* **TASK GOAL**: Produce exactly the lines from the one holding "Terra Sky Denim Jean Shorts in Blue Size 20" through the last line of the data below, with every picture left out.

* **SUPPLIED RECORDS**:
=-=-=

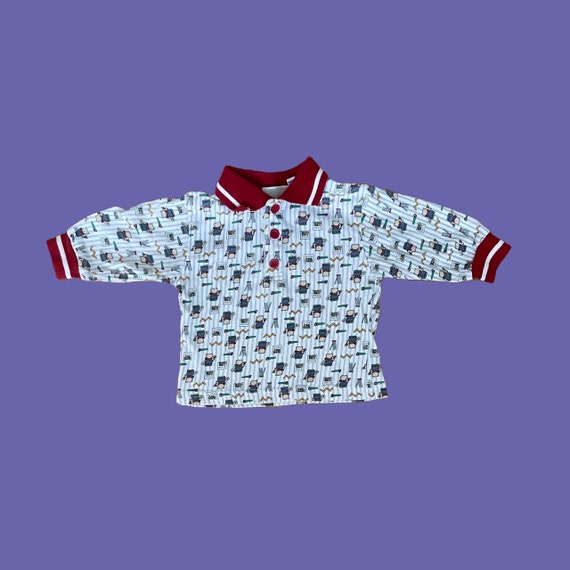 90s  Baby 3 to 6 Month Long Sleeve Teddy Bear or … - image 2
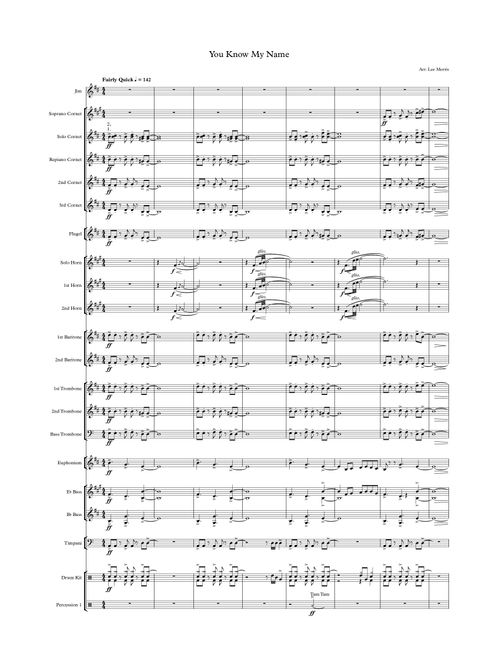 You Know My Name from CASINO ROYALE (Arr. Lee Morris) - Chris Cornell (Brass Ensemble)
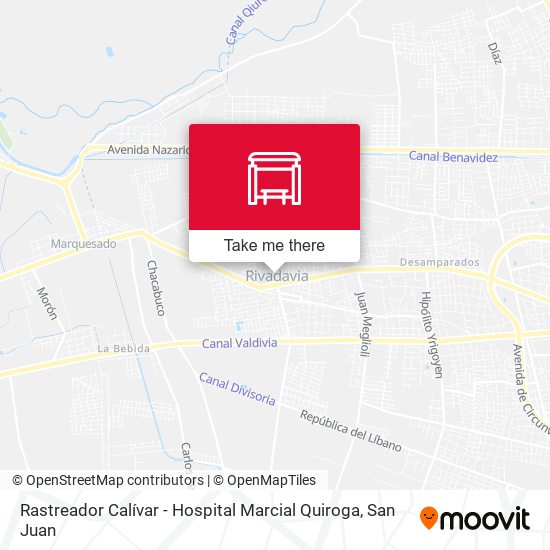 Mapa de Rastreador Calívar - Hospital Marcial Quiroga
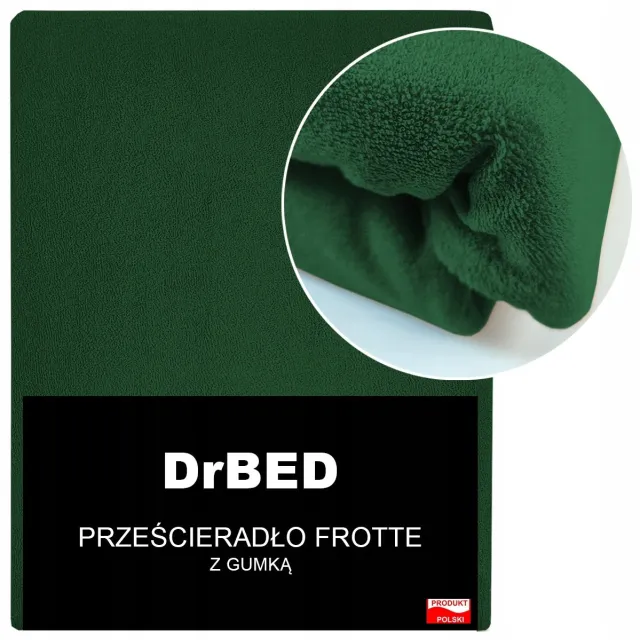 DrBED Terry Hoeslaken 160x200cm - Zacht, overdreven & Kleurvast Flesgroen
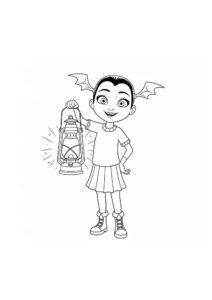 Desenho de Vampirina Desenho Colorir Imprimir 25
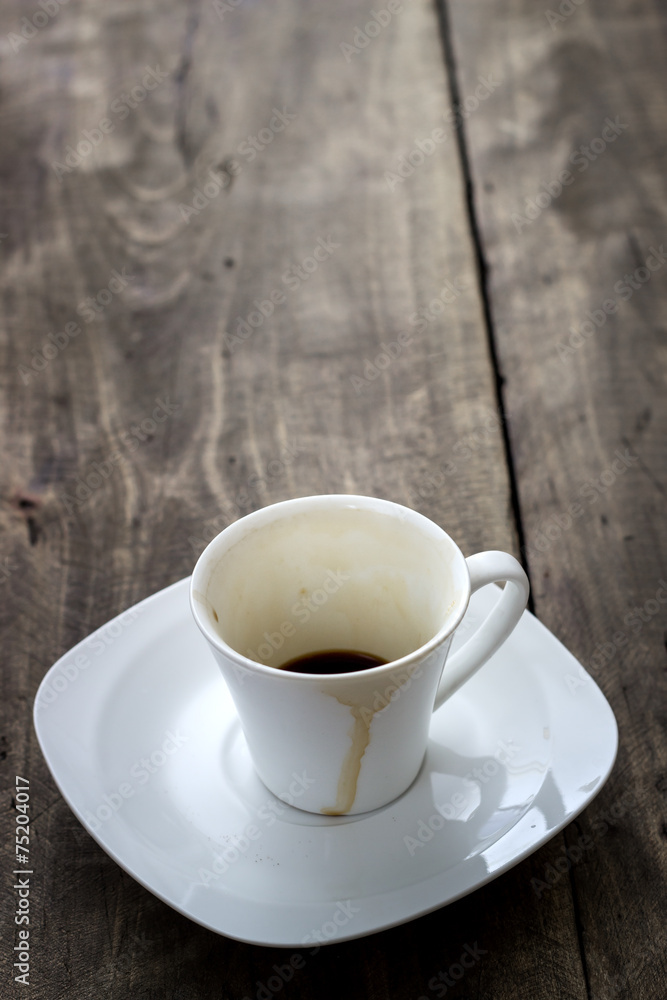 empty cup of espresso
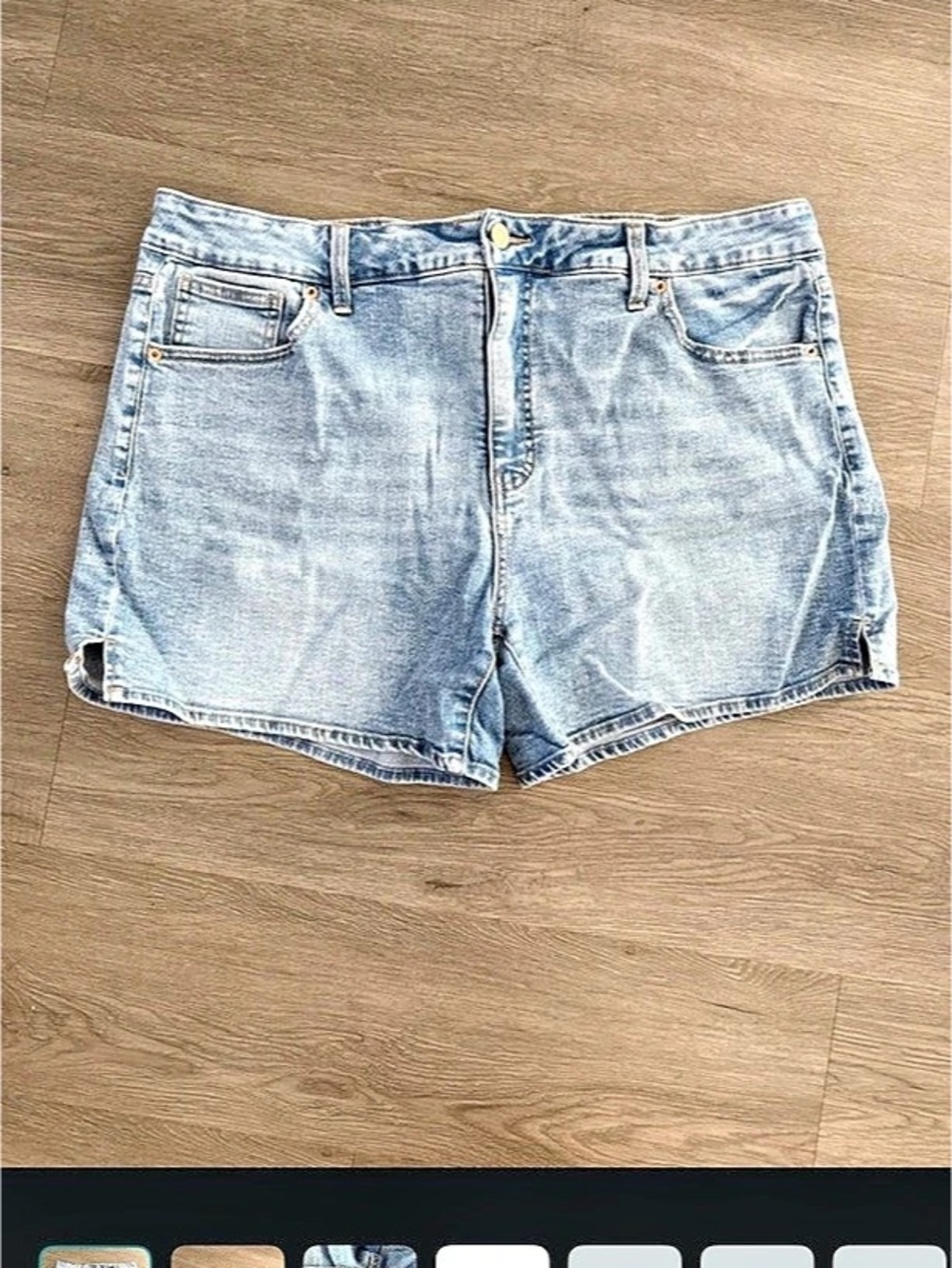 Terra Sky Denim Jean Shorts in Blue Size 20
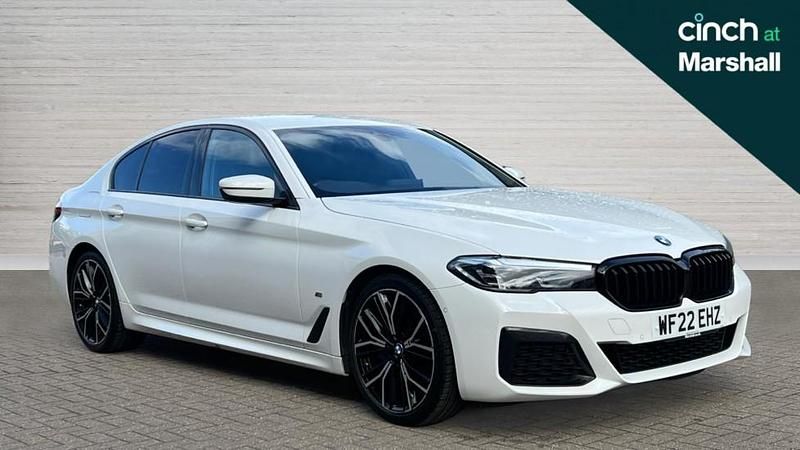 White Used 2022 BMW 520 M Sport | £24,498 (Super price) - Image 1/4
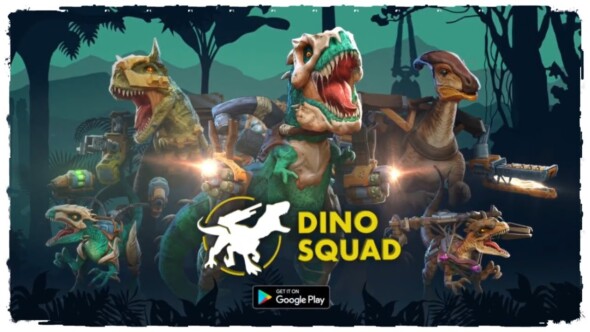 Experience prehistoric PvP shooter action on mobile with Dino Squad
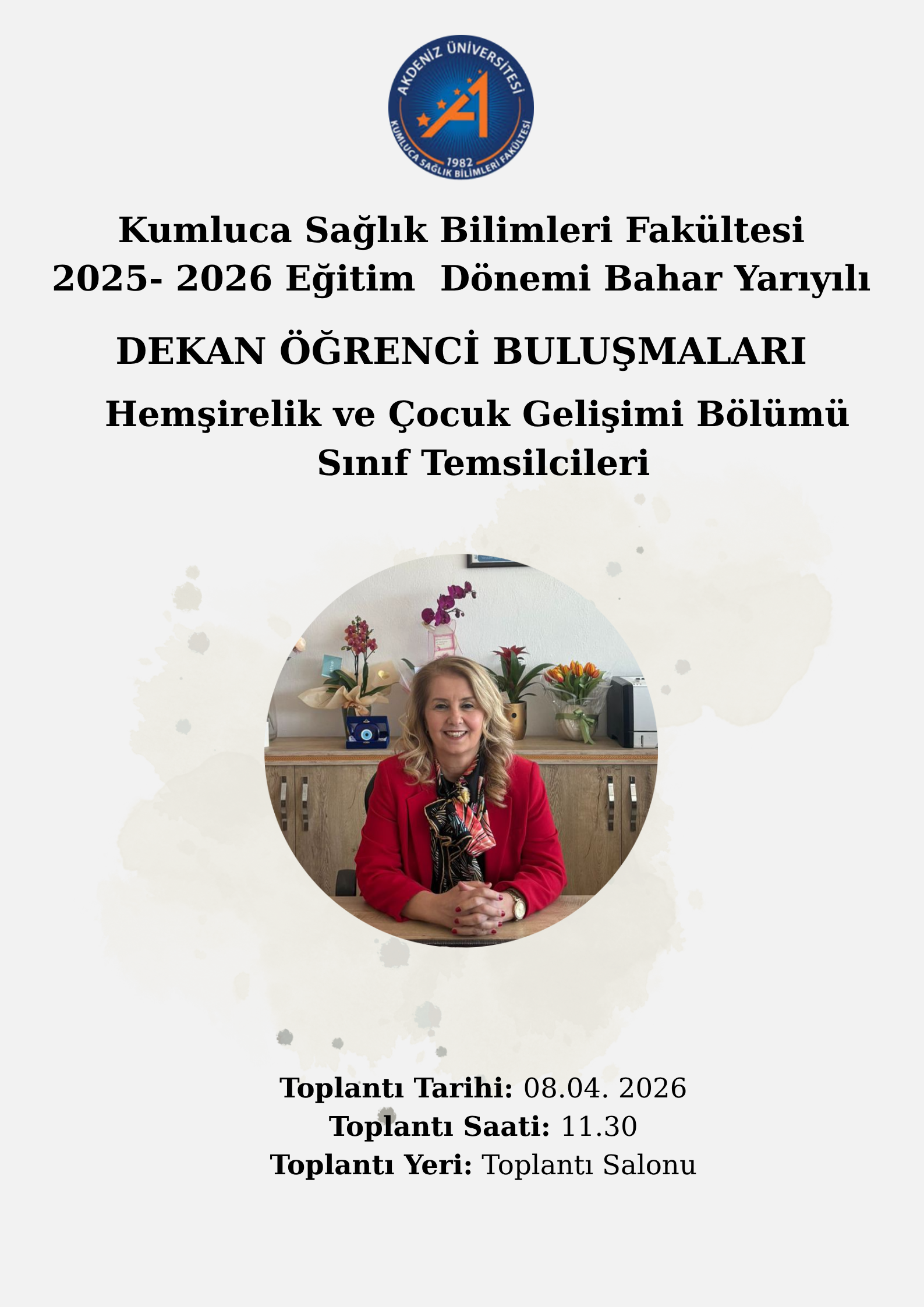 Kumluca Sağlık Bilimleri Fak&uuml;ltesi 2025- 2026 Eğitim &Ouml;ğretim Bahar Yarıyılı.png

=-=-=

* **EXERCISE RESULT**:
 Terra Sky Denim Jean Shorts in Blue Size 20
 White Used 2022 BMW 520 M Sport | £24,498 (Super price) - Image 1/4
 Experience prehistoric PvP shooter action on mobile with Dino Squad
 Kumluca Sağlık Bilimleri Fak&uuml;ltesi 2025- 2026 Eğitim &Ouml;ğretim Bahar Yarıyılı.png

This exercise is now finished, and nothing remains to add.